Ach das mit dem Abschleifen bekomm ich hin, bin ja gelernter Metaller. Ansonsten erwarte ich nicht soviel, aber für die paar mal die ich sie benutze wird sie ausreichen.


----------



## Fabiasven (27. August 2009)

*AW: Nottingham-Rolle (Centre-Pin)*

Also ich weis nicht was Andal hat, die Rolle ist für das Geld top. Ich musste nichts nachschleifen. Alle Kanten sind sauber.


----------



## Andal (27. August 2009)

*AW: Nottingham-Rolle (Centre-Pin)*

Die amerikanische Firma Bell hatte mal einen sehr schönen Werbespruch für Fahrradhelme:

"If you have a 5$ head, wear a 5$ helmet!"

In diesem Sinne... oder man hatte noch nie eine wirklich gute Pin an der Rute.


----------



## Fabiasven (27. August 2009)

*AW: Nottingham-Rolle (Centre-Pin)*



Andal schrieb:


> Die amerikanische Firma Bell hatte mal einen sehr schönen Werbespruch für Fahrradhelme:
> 
> "If you have a 5$ head, wear a 5$ helmet!"
> 
> In diesem Sinne... oder man hatte noch nie eine wirklich gute Pin an der Rute.



Ich hab ja auch nie gesagt das ich ne gute will. Die hätte ich bekommen können, lohnt sich aber die paar mal nicht. Da die 15€ Rolle eigentlich gut verarbeitet ist reicht mir das.


----------



## Bibbelmann (27. August 2009)

*AW: Nottingham-Rolle (Centre-Pin)*

kennt jemand die  Okuma (centre) pins?

Die 15 Euro Rolle hab ich, solang sich die Schnur nicht um die Rolle legt geht es ganz gut. Perfekt ist was anderes, aber sehr gut zum anspruchslosen Fischen. Das Drillen mit einer direkt aufwickelnden Rolle ist sagenhaft.Muss ich demnächst wieder mal machen


----------



## Manta30 (27. August 2009)

*AW: Nottingham-Rolle (Centre-Pin)*

Ich war auch ziemlich neugierig auf das Teil und habe mir eine besorgt. Und ich kann mich nur der Kritik von Andal anschließen. Aber für 15 Euro kann man auch nicht mehr erwarten. Ich glaube nicht, dass man damit ein vernüftiges Trotting durchführen kann. Persönlich nenne ich bis jetzt noch keine "echte" Centerpin mein Eigen, sondern hatte bis jetzt nur einmal auf Leihbasis das Vergnügen. Allerdings werde ich nun langsam mal anfangen zu sparen.


----------



## Fabiasven (27. August 2009)

*AW: Nottingham-Rolle (Centre-Pin)*



Manta30 schrieb:


> Ich war auch ziemlich neugierig auf das Teil und habe mir eine besorgt. Und ich kann mich nur der Kritik von Andal anschließen. Aber für 15 Euro kann man auch nicht mehr erwarten. Ich glaube nicht, dass man damit ein vernüftiges Trotting durchführen kann. Persönlich nenne ich bis jetzt noch keine "echte" Centerpin mein Eigen, sondern hatte bis jetzt nur einmal auf Leihbasis das Vergnügen. Allerdings werde ich nun langsam mal anfangen zu sparen.

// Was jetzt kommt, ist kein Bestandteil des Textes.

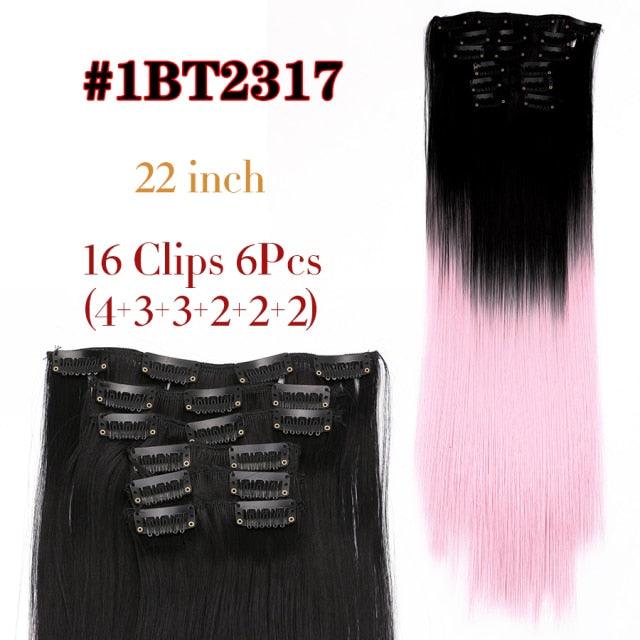New Fashion 16 Clip In Hair Extension Long Straight Natural Black 6 Pcs/Set 16 Clips 22 Inch Synthetic Hair Piece Wigs For Black Women Cosplay Wigs For Women Stevvex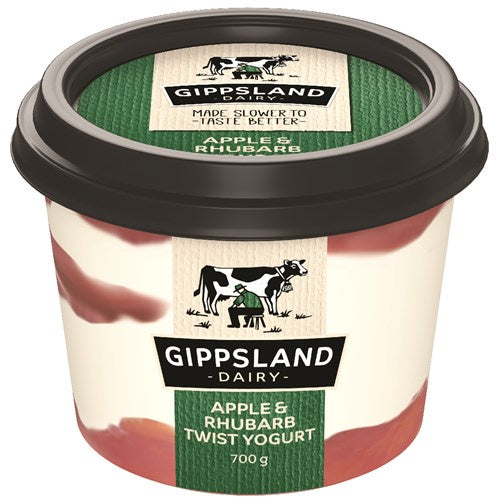 Gippsland Dairy Apple & Rhubarb Twist Yoghurt 700g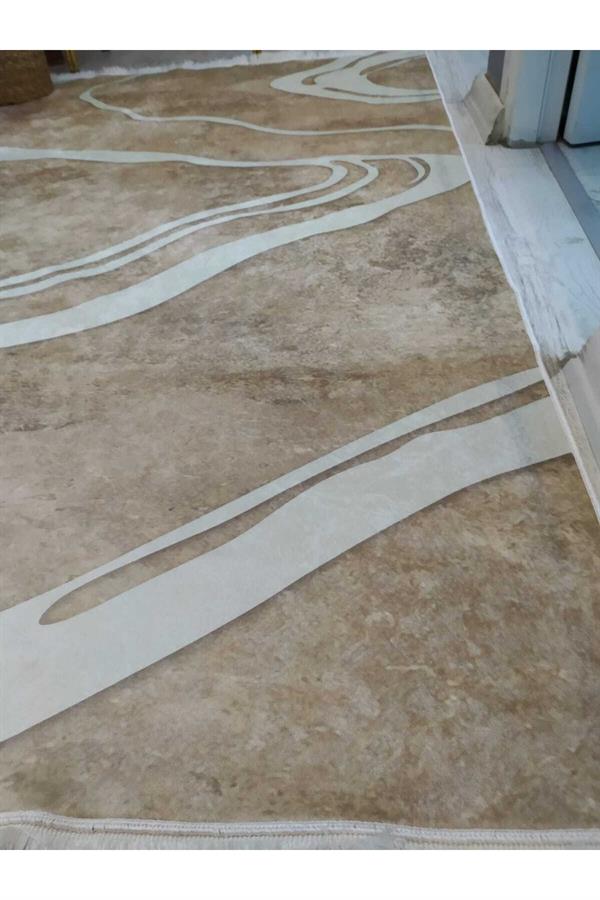 Dekoratif Modern Desenli Kaymaz Taban Yıkanabilir Leke Tutmaz Dokuma Taban Halı Drk8041-5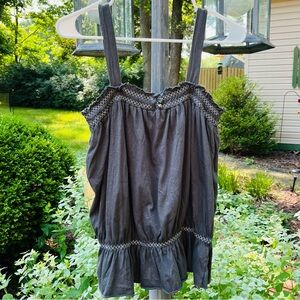 SALE! DKNY dark gray cotton tank top with silver stitching detail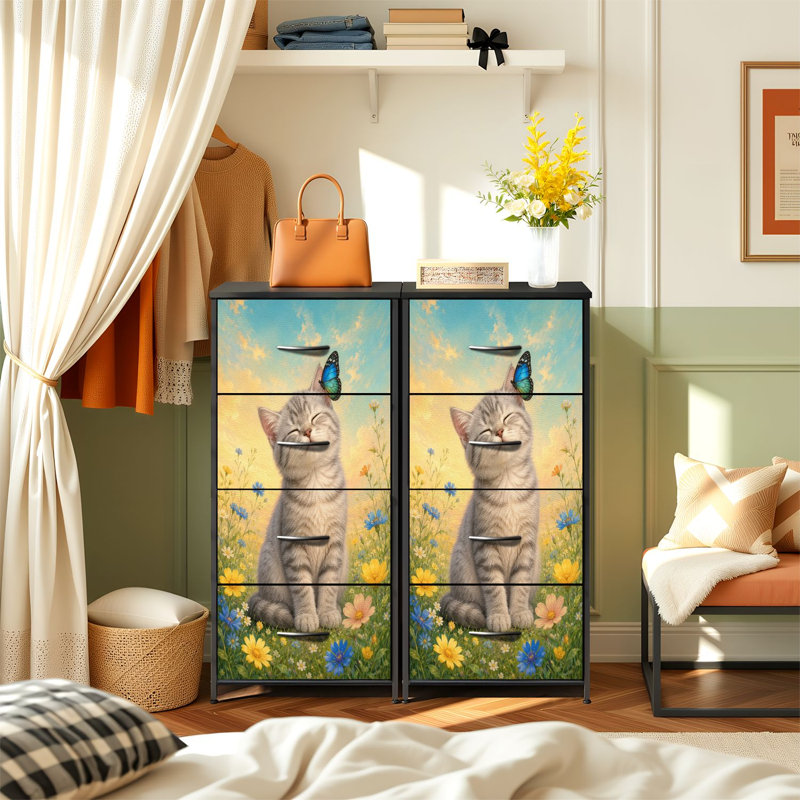 Commode de rangement verticale 4 tiroirs
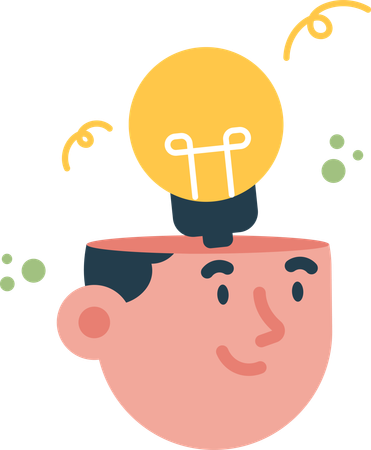 Thinking People and Light Bulb on Head  Illustration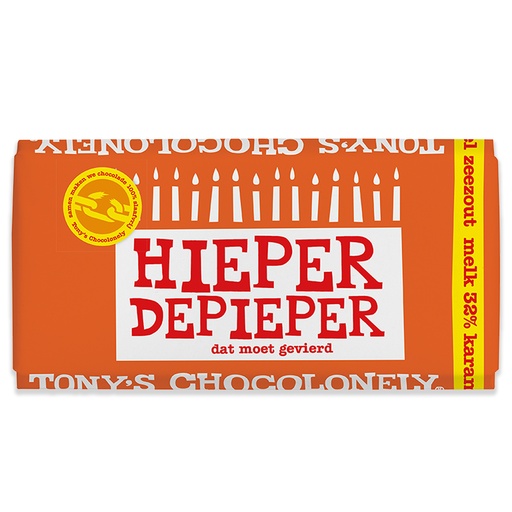 [90106] Tony's Chocolonely - Melk Karamel Zeezout Gefeliciteerd 180 g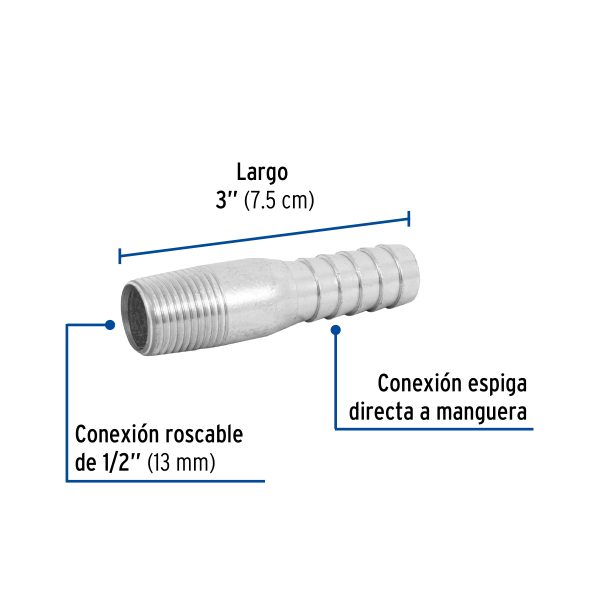 48175 - Niple de acero galvanizado 1/2' tipo botella, Foset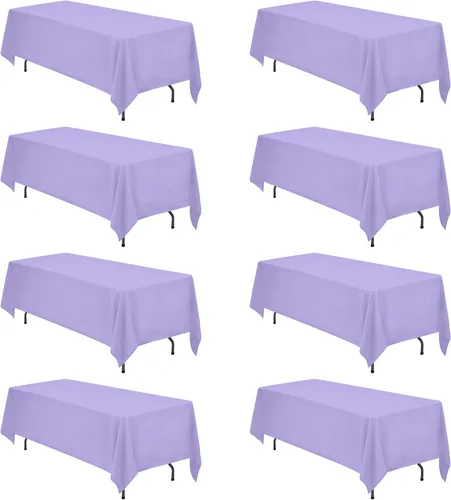 Vista 68 de BRILLMAX - Manteles para mesa rectangular de 6 pies, tela de lino de poliéster, lavable, para boda, recepción, banquete, fiesta de cumpleaños, 60 x
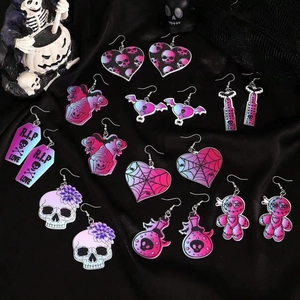 Halloween Earrings Acrylic Alloy Skull Bat Spider Web Gothic Dark Style Novelty Dangle Hook Ear Jewelry For Women
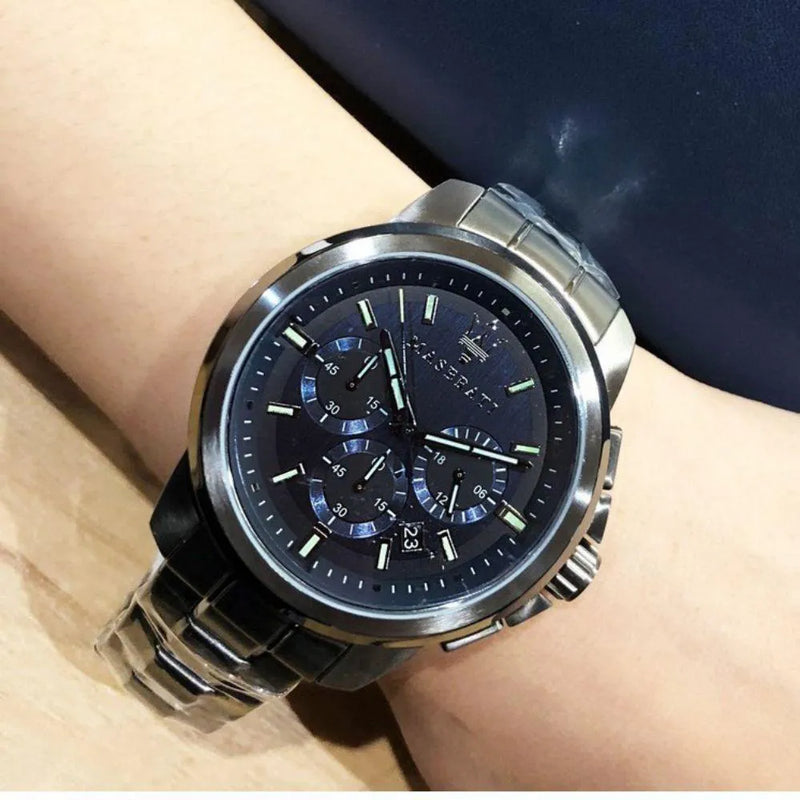 Maserati Successo Chronograph Blue Dial Black Steel Strap Watch For Men - R8873621005 Buy Now By Maserati
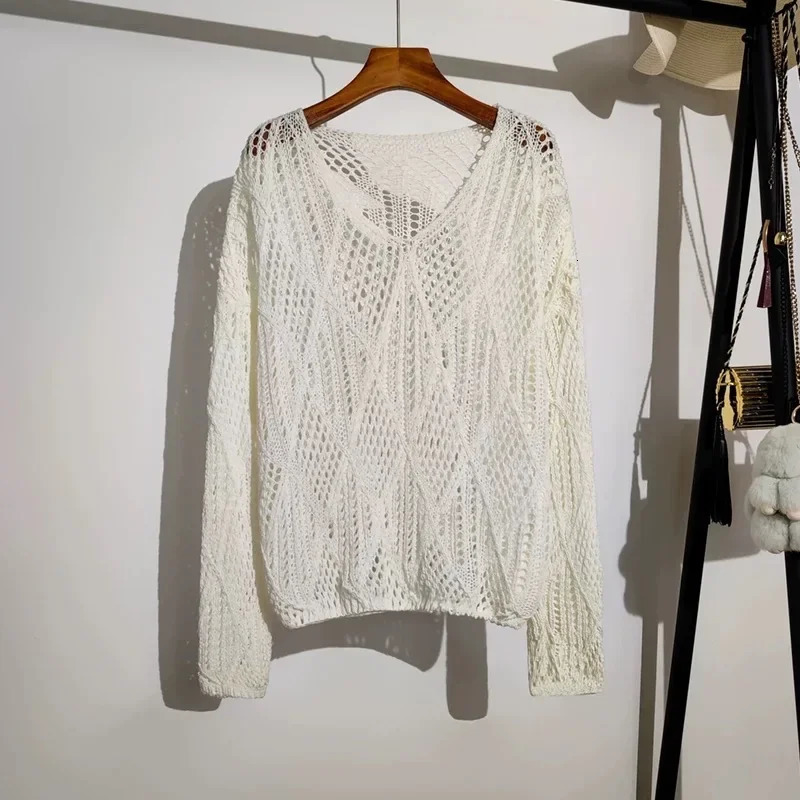 Pullovers Women Pointelle Knit Top Long Sleeve Semi-Sheer Sweater Jumper Spring Summer Fairycore Outfit 250603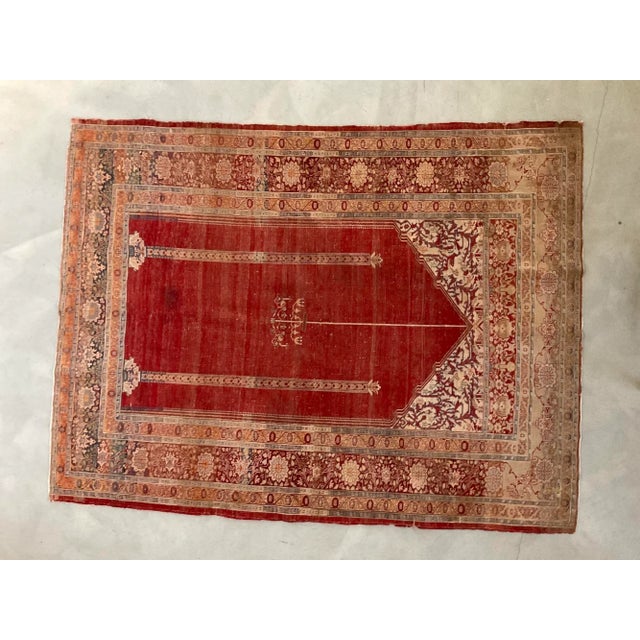 Red Antique Heriz Prayer Silk Rug For Sale - Image 8 of 8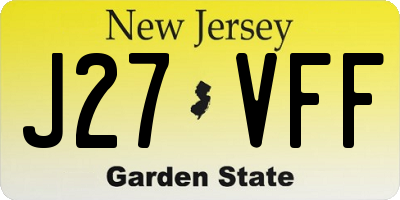 NJ license plate J27VFF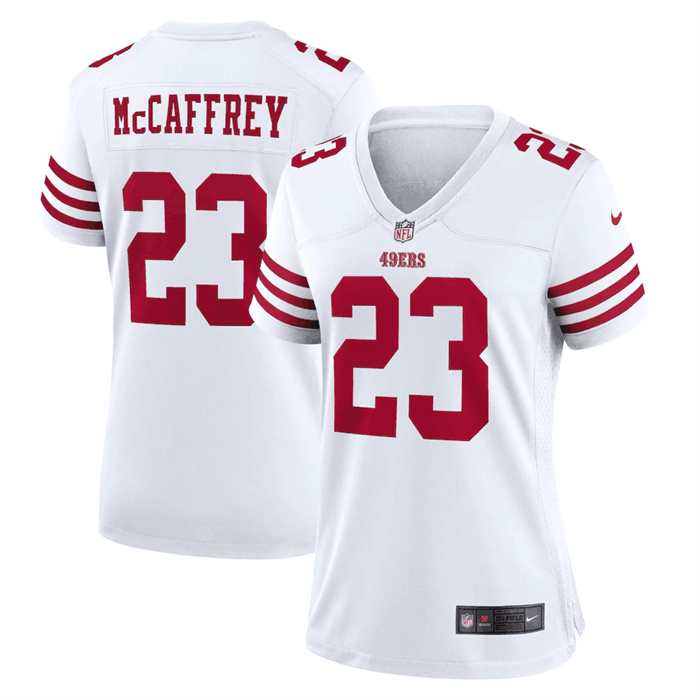 Women's San Francisco 49ers #23 Christian McCaffrey White Stitched Jersey(Run Small)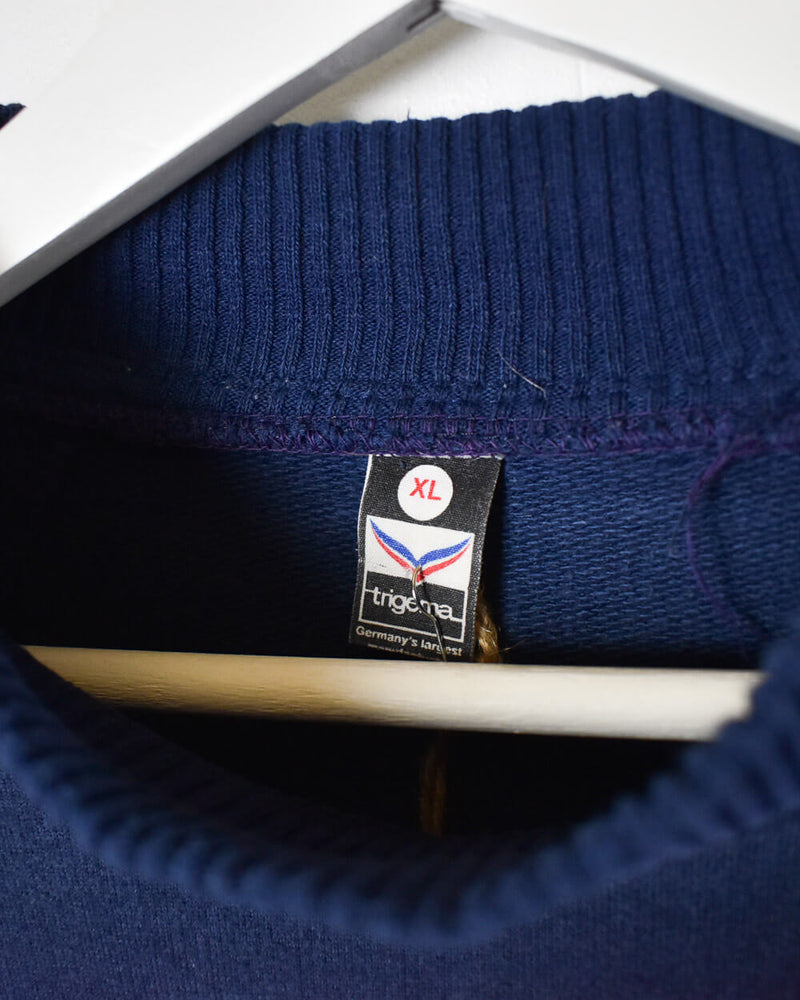 Mock Vintage Vintage Team Domno Sweatshirt Vintage 90s Cotton– Navy Sport -Large Neck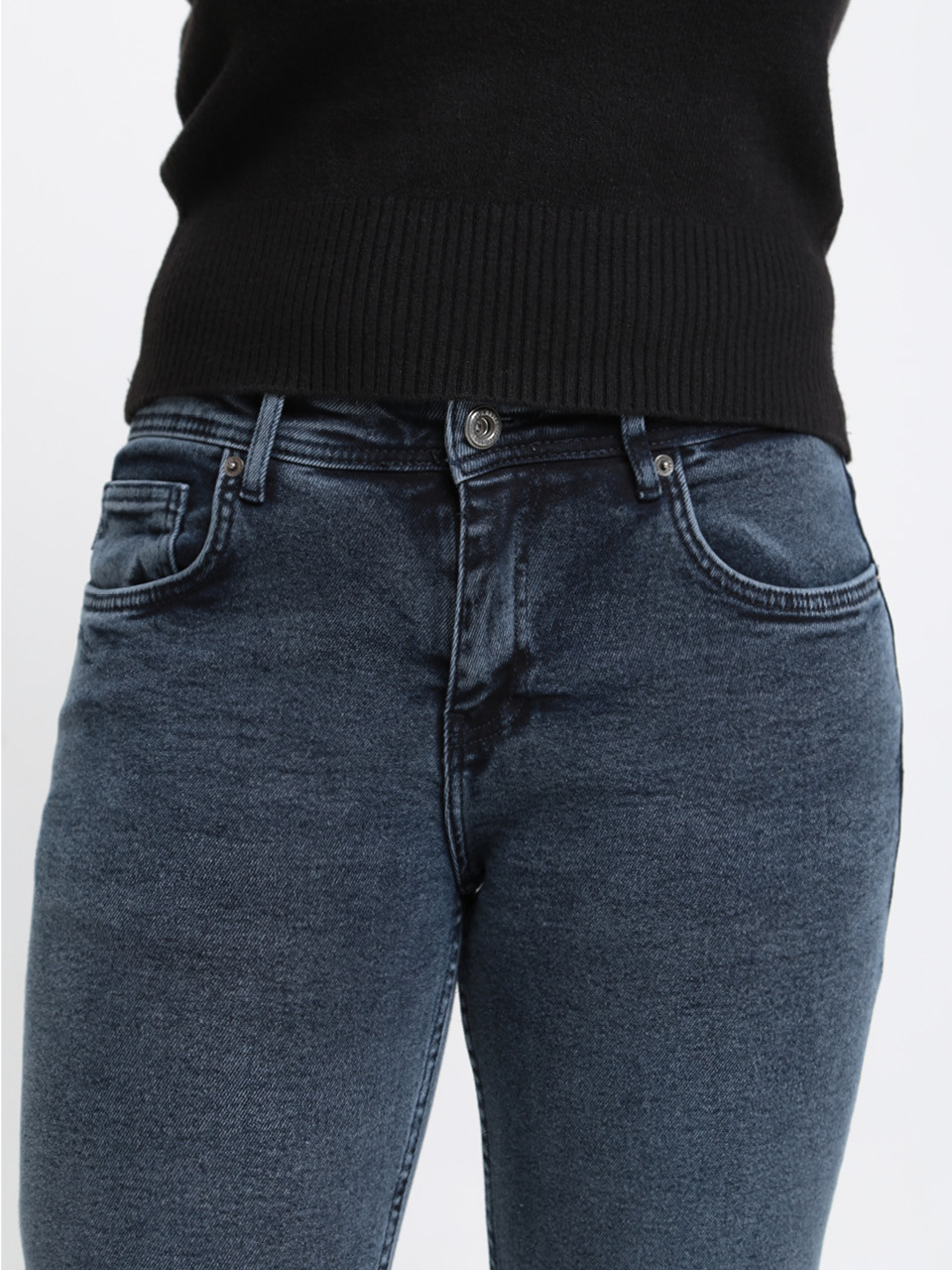 Джинсы женские утепленные на флисе синие зауженные 3038-5085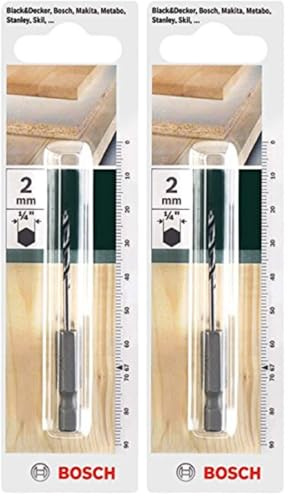 Bosch Holzbohrer mit 1/4 Zoll-Sechskantschaft (Ø 2 mm) (Packung mit 2)
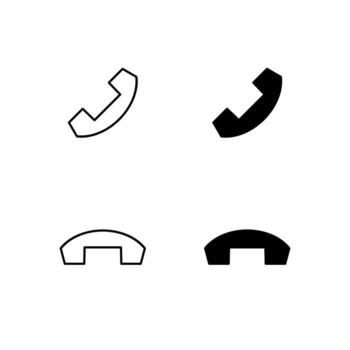 User Interface Phone and Call End Icons in Glyph and Line Variation vector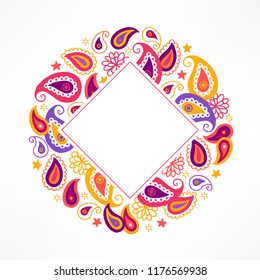 Diwali greeting card with stars, paisley, flowers and rhombus  blank label with copy space. Perfect for festival of lights and holiday invitations.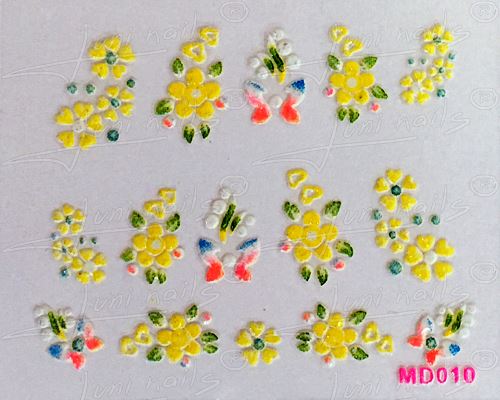 3D Nálepky Kvety MD010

Das die ganz perfekt ist sag ich ja nicht. Aber man musste nichts feilen oder etc. Meine hat 2 Funktionen, einmal ratsche, einmal ohne. Wenn ich die ratsche rausmache läuft die schnur fast schon zu gut ab. Ich musste gestern schon etwas mit dem Finger bremsen, daß die Schnur sich nicht gleich abspult. Egal, für das Geld reicht es. Konnte nen richtig fetten Döbel supertoll damit drillen (und auch andere größere Fische). Ich ziehe bald um, und habe dann nicht mehr die möglichkeit damit zu angeln, deswegen die für 15. Die ich letztens erst kaufen wollte (180€) lohnt sich also nicht für mich.

Bei den Stationärrollen kaufe ich auch nur gute, die hab ich ja auch dauernd im Einsatz.


----------



## Manta30 (27. August 2009)

*AW: Nottingham-Rolle (Centre-Pin)*

@ Fabiasven

Wenn Du damit zufrieden bist, dann ist ja alles in Ordnung. Werde meine erst am We testen können. Allerdings musste ich ein paar kleine Schleifarbieten an meiner durchführen.


----------